UNTITLED 9/11 COMMISSION REPORT PROJECT (ABC) - Harvey Keitel ("Be Cool"), Patricia Heaton ("Everybody Loves Raymond"), Amy Madigan ("Carnivale"), Shaun Toub ("Crash") and Stephen Root ("NewsRadio") are all set to star in the Alphabet's six-hour, $30-$40 million mini-series, which will detail the events of the recent terror attacks against the United States, including those on 9/11, the 1993 World Trade Center bombing, the U.S.S. Cole and the disrupted millennium attacks.
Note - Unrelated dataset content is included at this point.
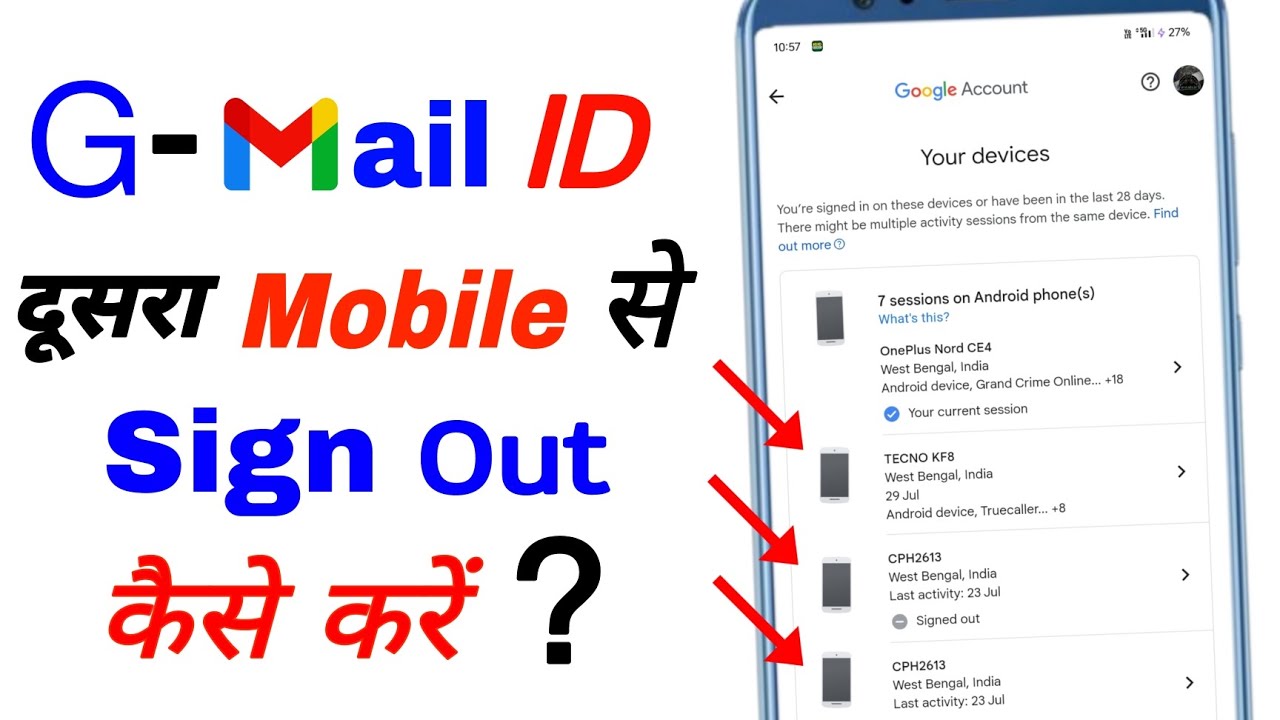 Apne Gmail Ko Dusra Mobile Se Kaise Hataye Sign Out Gmail Gmail ID Apne Gmail Ko Dusra Mobile Se Kaise Hataye Sign Out Gmail Gmail ID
Keitel will play F.B.I. agent (and Al-Qaeda expert) John O'Neill, who died when the first plane hit the World Trade Center on 9/11, with Heaton as Barbara Bodine, the U.S. ambassador to Yemen who clashed with O'Neill; Madigan as a top C.I.A. analyst; Toub as the F.B.I. informant who helped bring down the first WTC attack; and Root as famed White House terrorism guru Richard Clarke.
Production recently began in Toronto* on the project with David L. Cunningham ("To End All Wars") directing from a script by Cyrus Nowrasteh ("Into the West") with Marc Platt executive producing. Serving as advisers to the production are former New Jersey Gov. Tom Keane and former ABC News anchor John Miller. As for specifics about the project, it's understood part one will focus on the 1993 bombing of the WTC; part two on two U.S. embassy bombings, the attack on the U.S.S. Cole and a plot to disrupt millennium celebrations; and part three on the planning for the 9/11 attacks. Platt also has said he isn't aiming for Hollywood-style over dramatization but rather a factual account using the 9/11 Commission Report as the basis. He also confirmed they won't be casting actors for Osama bin Laden, President Clinton or President Bush, choosing rather to use news footage of the trio.
*Filming in Canada — blasphemous, insulting, or ironic? You decide.
Hopefully this production will have at least a nanoparticle of merit, unlike the laughable-if-it-wasn't-tragic propaganda vehicle DC 9/11: Time of Crisis from Showtime.
As Bush's month-long respite from his "hard work," August would be a great time for Comedy Central to dust off the 2001 Trey Parker series That's My Bush.